Yes, the pages which udmabuf is holding would be the originals: they will
then be detached from the hole-punched file, and subsequent faults or writes
to that backing file (through shmem, rather than through udmabuf) can fill
in the holes with new, different pages.  So long as that's well understood,
then it's not necessarily a disaster.

I see udmabuf asks for SEAL_SHRINK (I guess to keep away from SIGBUS),
but refuses SEAL_WRITE - so hole-punching remains permitted.

> 
> >>
> >>
> >> Was linux-mm (and especially shmem maintainers, ccing Hugh) involved in
> >> the upstreaming of udmabuf?

Thanks for the Cc, David.  No, I wasn't involved at all; but I probably
would not have understood their needs much better then than now.

I don't see anything obviously wrong with its use of shmem, aside from
the unlimited pinning of pages which you pointed out; and I'll tend to
assume that it's okay, from its five years of use.  But certainly the
more recent addition of hugetlb was mistaken, and needs to be reverted.

> > It does not appear so from the link below although other key lists were
> > cc'd:
> > https://patchwork.freedesktop.org/patch/246100/?series=39879&rev=7

The i915 folks (looks like Daniel Vetter was involved there) have been
using shmem_read_mapping_page() for a very long time: but they take care
to register a shrinker and swap out under pressure, rather than holding
pins indefinitely.

I wonder, if we're taking MFD_HUGETLB away from them, whether this
would be another call for MFD_HUGEPAGE (shmem memfd using THPs):
https://lore.kernel.org/linux-mm/c140f56a-1aa3-f7ae-b7d1-93da7d5a3572@google.com/

And that series did also support F_MEM_LOCK, which could be used to
help with the accounting of the locked pages.  (But IIRC the necessary
way of accounting changed just afterwards - or was it just before? -
so that old series may not show what's needed today.)

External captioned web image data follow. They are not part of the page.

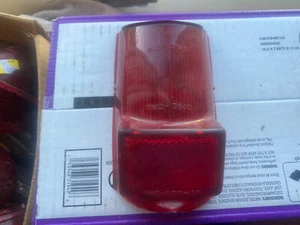1962 1963 1964 1965 1966 1967 1968 1969 MG MGB Lower Tail Light Lens - Picture 1 of 4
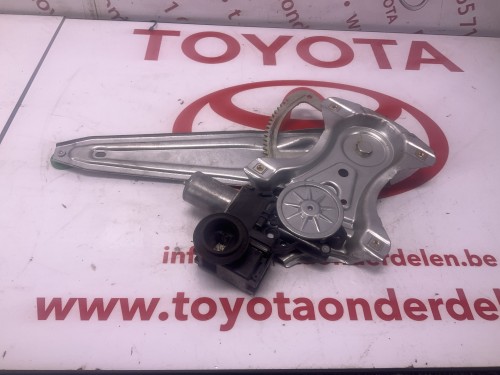 Ruiten mechaniek met motor links achteraan 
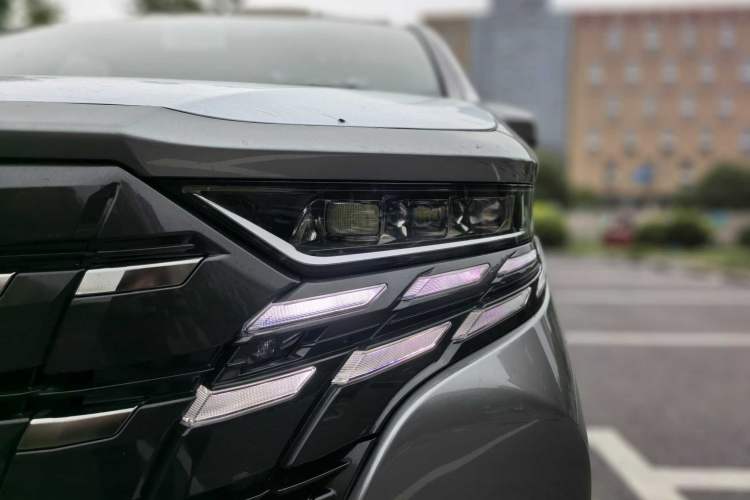 Used Toyota Alphard 2024 Dual-Engine 2.5L Deluxe Edition Exterior 7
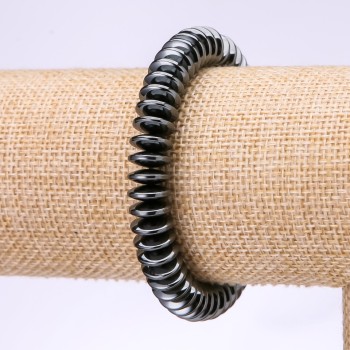 Náramek z plochých hematitových rondelů, průměr 10×3,5 mm, délka 18 cm, na gumičce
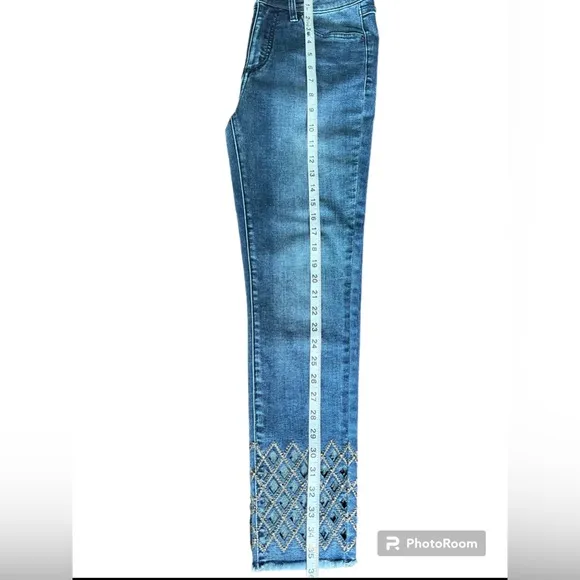 Joseph Ribkoff NEW Size 6 Capris with lattice and fray ends Jeans NWT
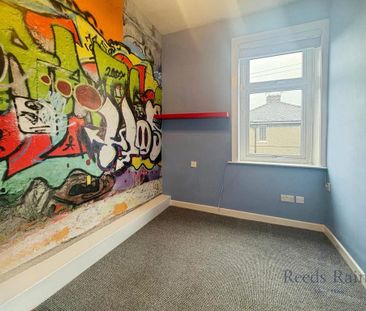 3 bedroom terraced house to rent - Photo 5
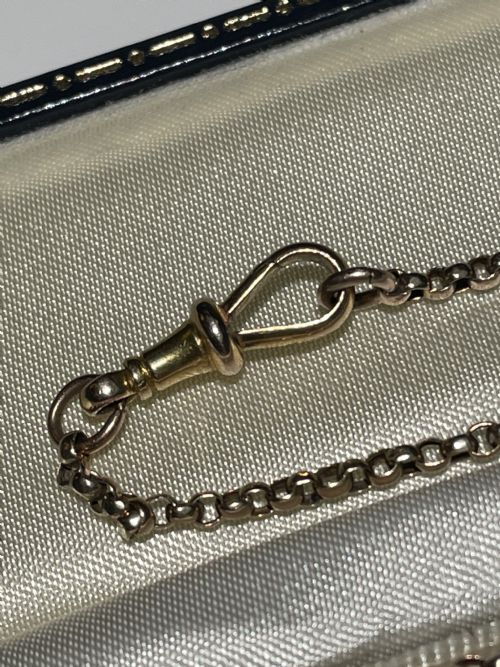 AN EDWARDIAN 9CT GOLD CHAIN - ADDITIONAL PHOTO 4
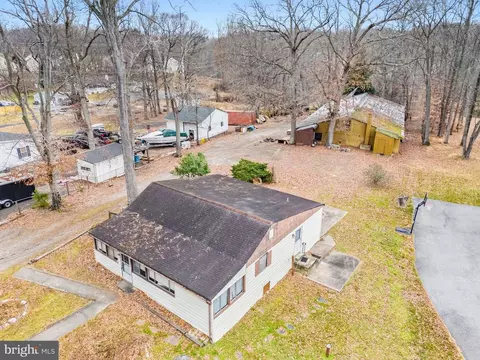 View/Area - 8906 Hooes Rd, Lorton, VA 22079 photo 9 of 14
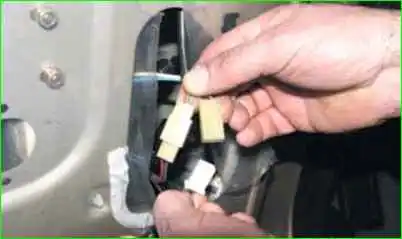 Extracción del retrovisor exterior de la puerta delantera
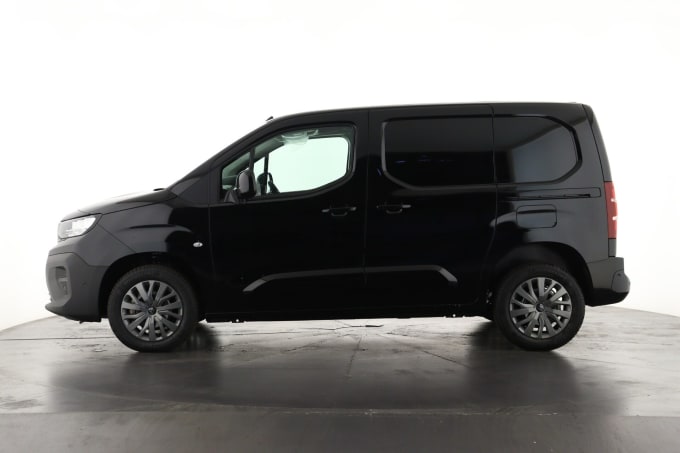 2025 Peugeot Partner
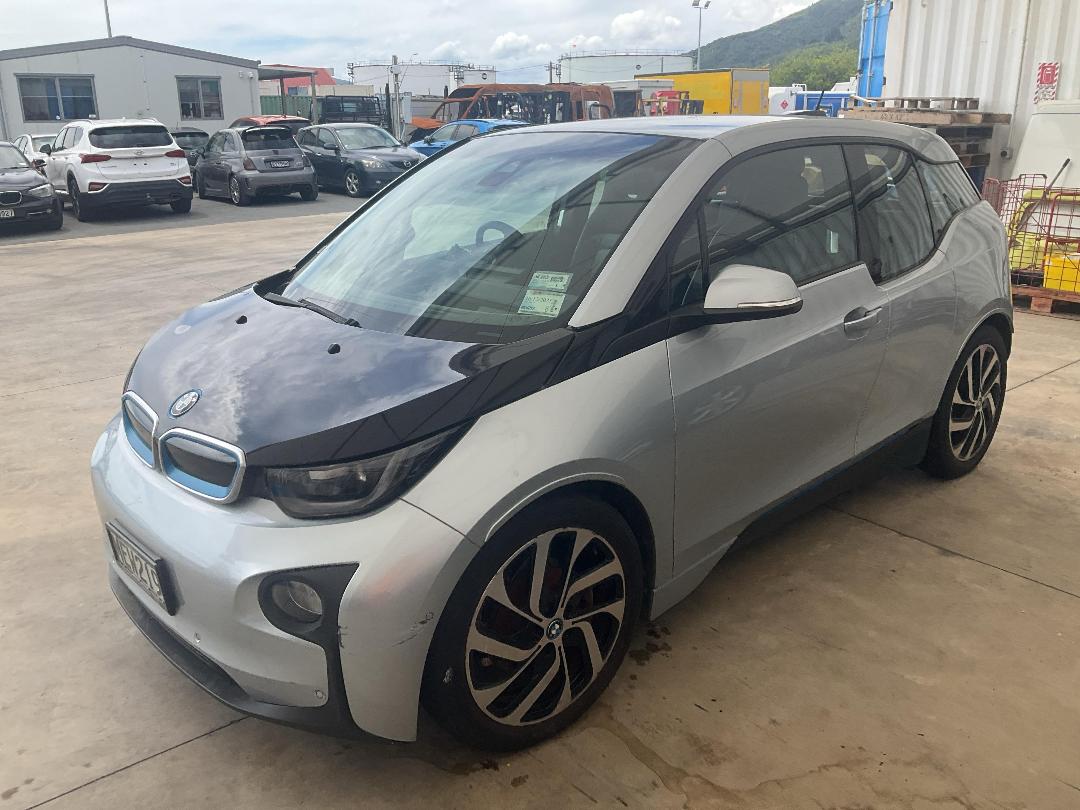 Photo '3' of BMW I3 Photo '3' of BMW I3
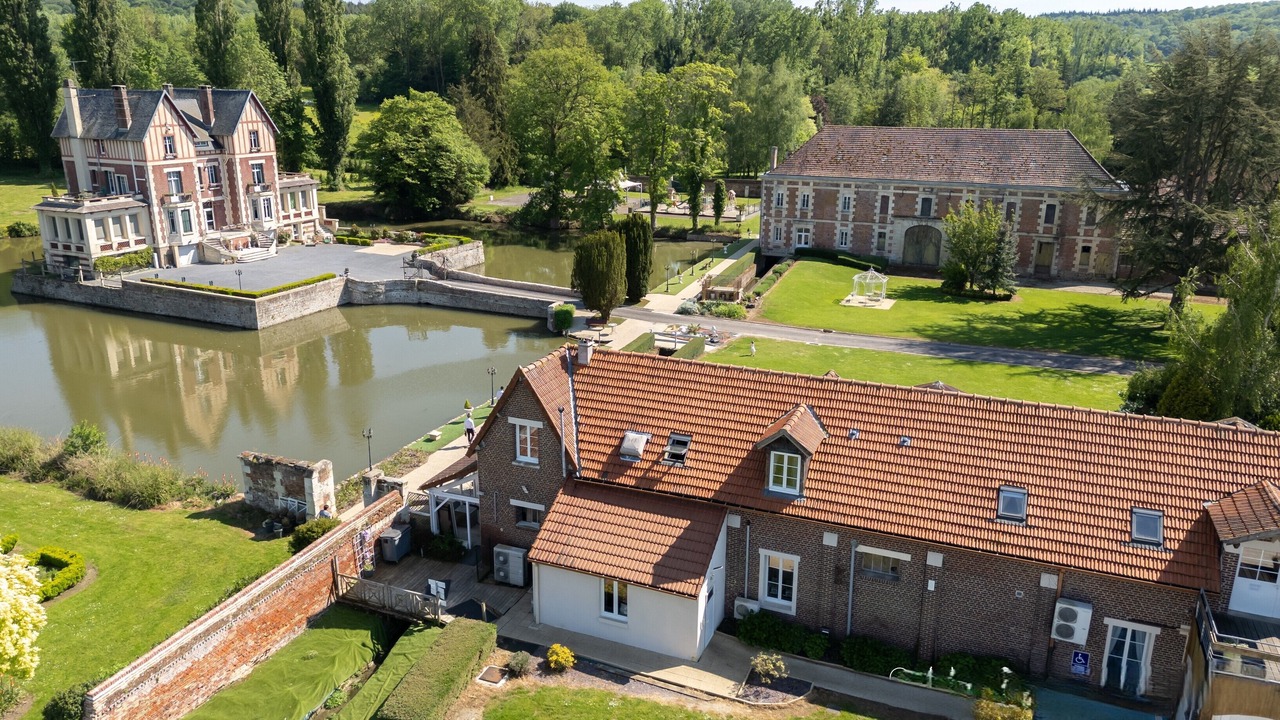 Photo of Outdoor in Quesmy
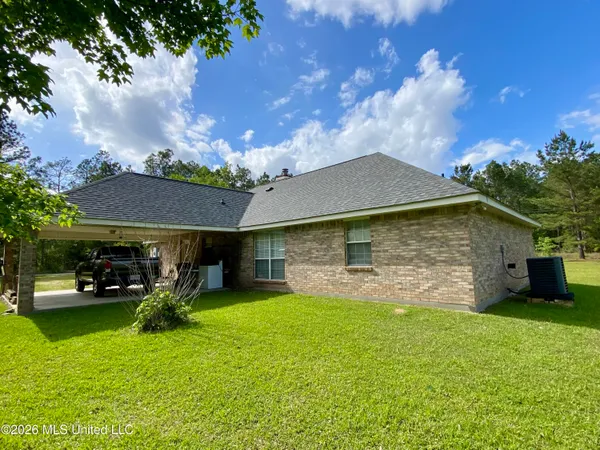 $285,000 | 7 Hummingbird Lane, Picayune, MS 39466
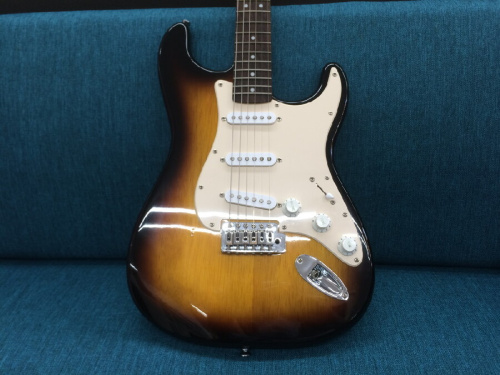 エレキギターのSquier by Fender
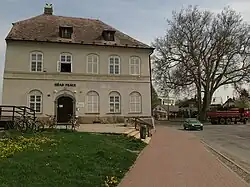 Uničov, městský dům čp.480 (Bezručovo nám. 2).jpg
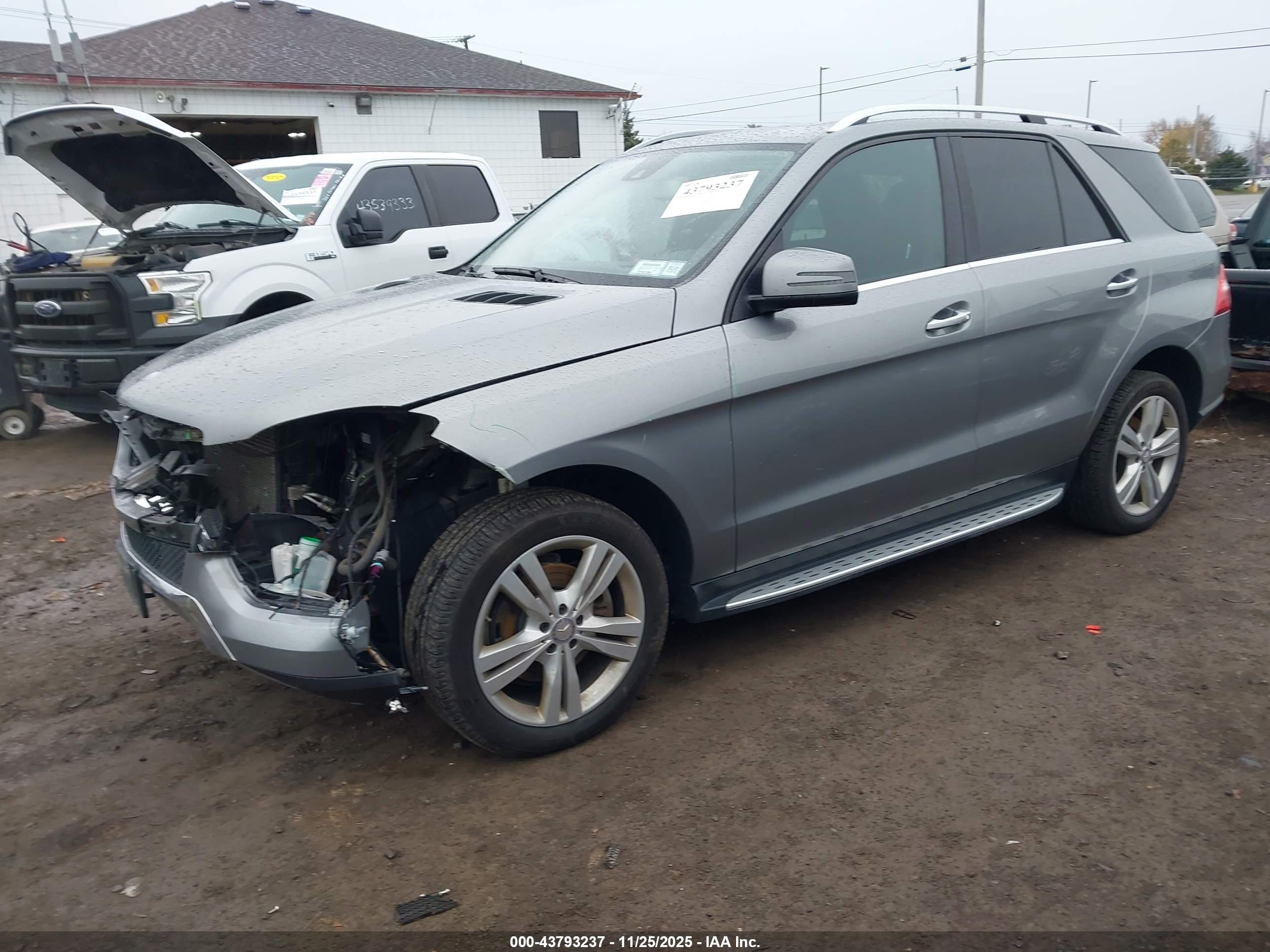 MERCEDES-BENZ ML image 2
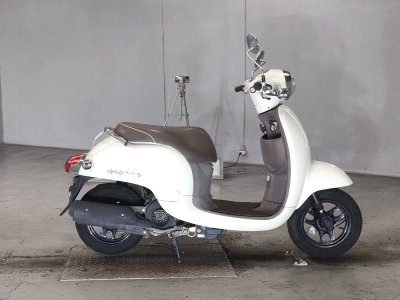 Honda GIORNO 2011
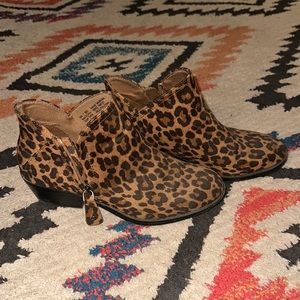 Womens 7 Leopard print booties
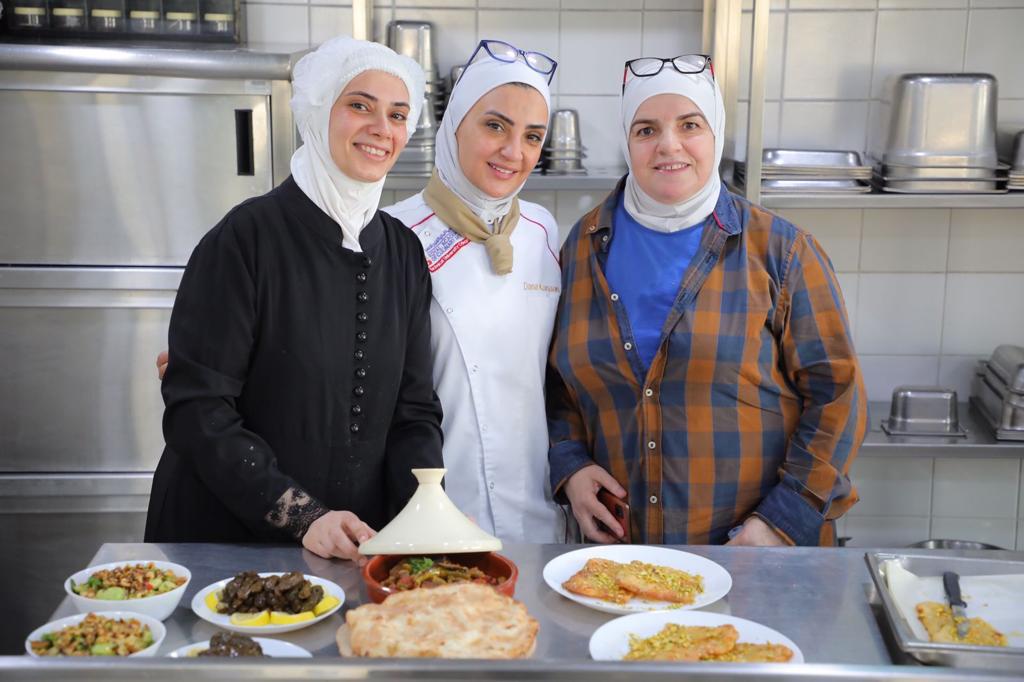 Madar Al-Saa Images 0.24857916613378395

I was happy with using fcntls in that series; but could not decide the
right restrictionss for F_MEM_UNLOCK (how assured is a memlock if anyone
can unlock it?) - maybe F_MEM_UNLOCK should be refused while pins are
outstanding.

But I digress.  Yes, please do revert that hugetlb usage from udmabuf.

Hugh

> 
> That's unfortunate :(
> 
> -- 
> Cheers,
> 
> David / dhildenb